Nov 24, 2016 (Reuters) – The Sri Lankan rupee was steady on Thursday as dollar selling by exporters offset demand for the U.S. currency by importers who fear the economic policies of U.S. President-elect Donald Trump would lead to a rise in the dollar and interest rates.
Dealers said foreign investors might pull out of emerging markets, including from Sri Lanka, if the U.S. Federal Reserve raises interest rates next month.
Minutes from the Fed’s Nov.1-2 meeting, released on Wednesday, showed policymakers were confident that a strengthening economy was enough to warrant interest rate increases soon.
Sri Lankan rupee forwards were active on Thursday, with spot-next forwards trading at 148.50/55 per dollar at 0724 GMT compared with Wednesday’s close of 148.50/60.
The spot rupee was hardly traded, but was quoted at 148.00/60.
The central bank revised the spot rupee reference rate to 147.95 per dollar last Friday, from 147.75.
“There were some local banks selling (dollars); the demand is also there, but the rupee is trading steady with the selling,” said a currency dealer asking not to be named.
Finance Minister Ravi Karunanayake said on Thursday that “turbulent times” were the reason for the rupee volatility, adding it was driven by sentiment.
“Today this market is not fundamentally driven, it is sentiment driven.
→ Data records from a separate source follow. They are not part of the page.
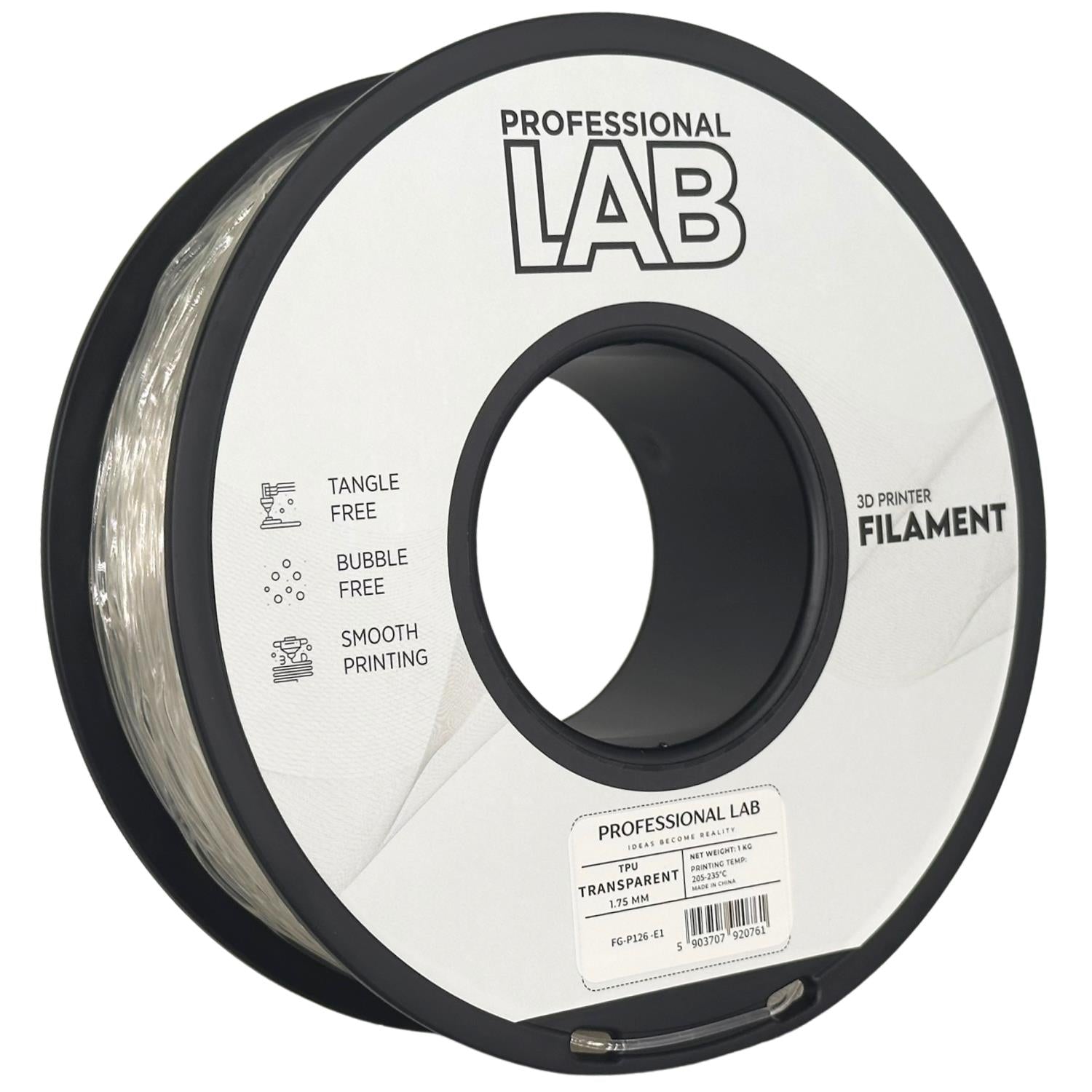 TPU filamenttekercs, átlátszó, Prof. Lab, 1,75 mm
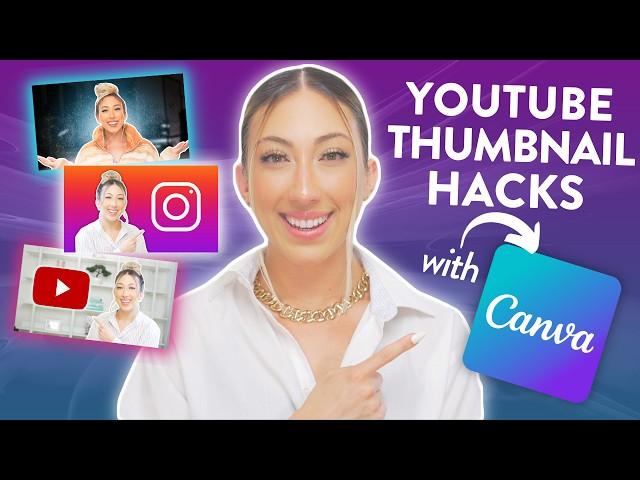 5 THUMBNAIL EDITING HACKS IN CANVA | Glow effect, Blurry background, Outlining, AI Visuals, etc.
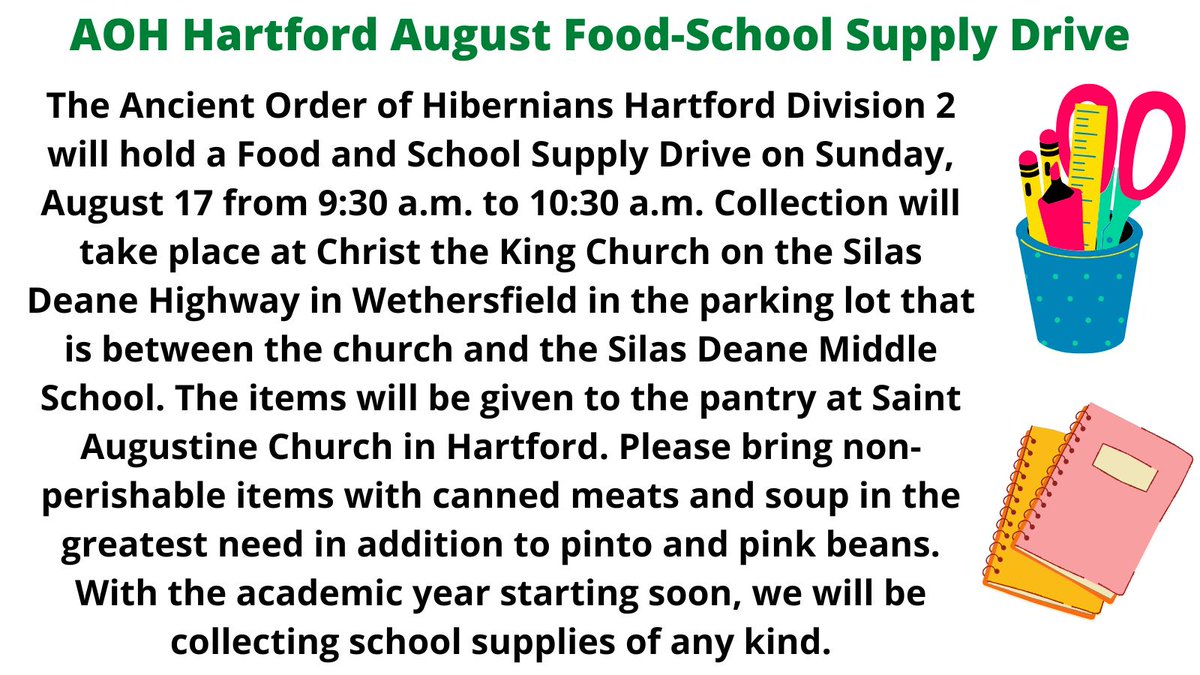 We will be holding our monthly drive next Sunday in <a href="/WethersfieldCT/">Historic Wethersfield</a> as we collect both food and school supplies for the pantry at Saint Augustine Parish in Hartford. Please consider a donation and reach out if you want to donate, but can't make the drive. <a href="/ArchdioceseHart/">Archdiocese of Hartford</a>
There are no fundamentals,” Karunanayake told reporters in capital Colombo.
“You will have this rocky thing owing to turbulent times that are created artificially by many theories that are put forward, but at the end of the day you will see the real (value) of the rupee coming out with our strong fiscal policies that we will be adopting.”
The rupee has been under pressure as exporters have been reluctant to sell dollars due to uncertainties in the local market following the national budget, which has proposed a revision in corporate and withholding taxes.
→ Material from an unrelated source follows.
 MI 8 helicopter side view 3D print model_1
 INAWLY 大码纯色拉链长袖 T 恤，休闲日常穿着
The currency has also faced pressure due to net selling of government securities by foreign investors after new taxes were proposed in the budget, dealers said.
Foreign investors net sold government securities worth 37.12 billion rupees ($250.81 million) in the five weeks ended Nov. 16, data from the central bank showed.
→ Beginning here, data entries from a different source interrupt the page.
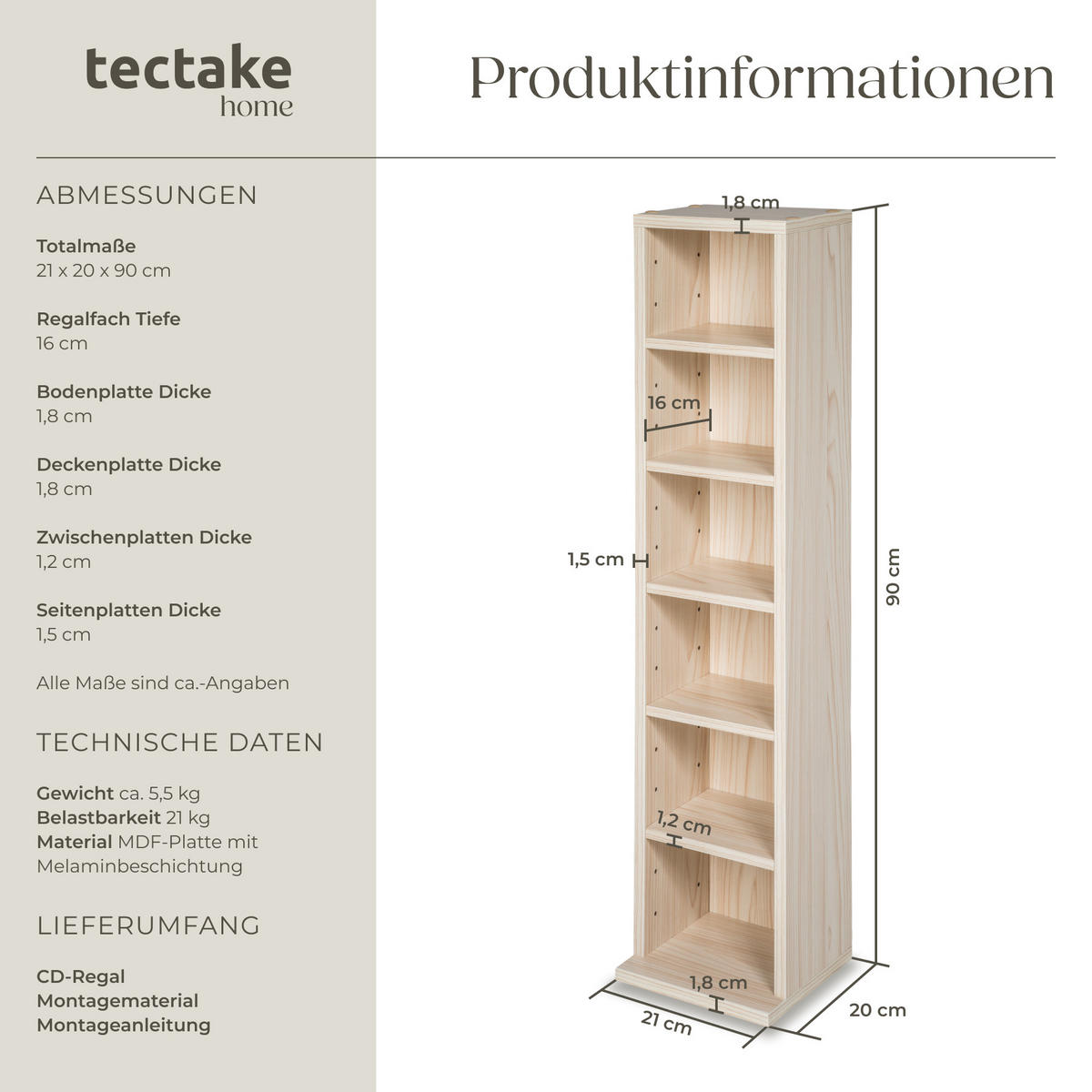 CD/DVD Regal Juliane,90 x 21 x 20 cm,buche - Buchefarben, Holz (21/90/20cm) - tectake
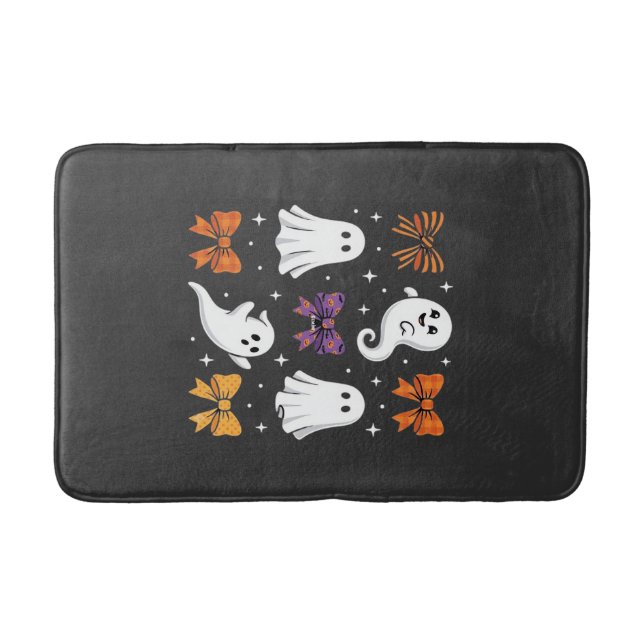 Söt spökdesign med slingor Halloween_1 Badrumsmatta (Framsidan)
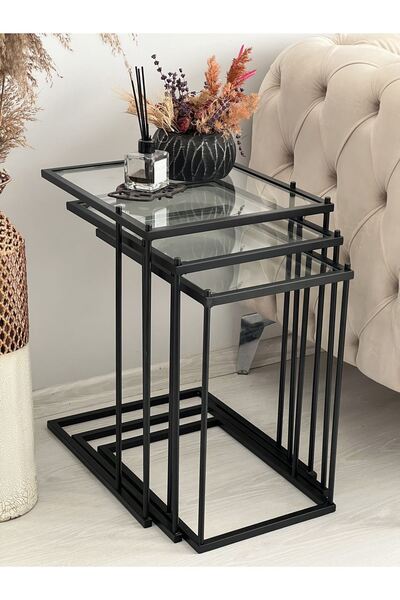 Genel Markalar Brad 3'lü Metal Zigon C Sehpa Siyah-Şeffaf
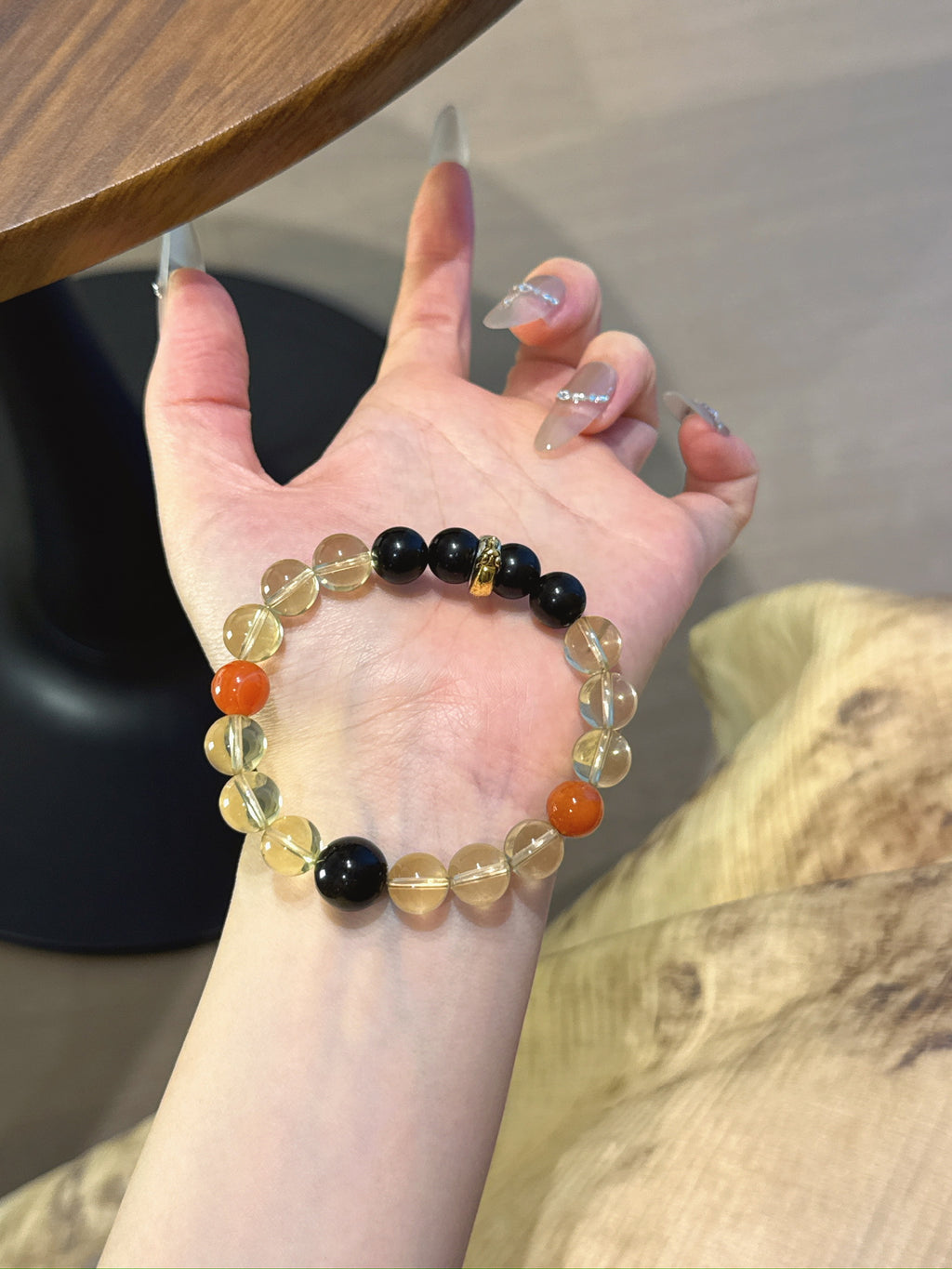 Dog (Chinese Zodiac) Natural Crystal Bracelet — Citrine, Gold Sheen Obsidian, Red Agate | Zodiac Crystal Jewelry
The trend of rupee depreciation was however expected to ease as investors wait for central bank action after the International Monetary Fund (IMF) released the second tranche of a loan, worth $162.6 million, under its $1.5-billion loan programme, dealers said.
Sri Lankan shares were marginally firmer, with the benchmark Colombo stock index up 0.01 percent at 6,243.23 as of 0746 GMT. Turnover stood at 296.2 million rupees ($2 million).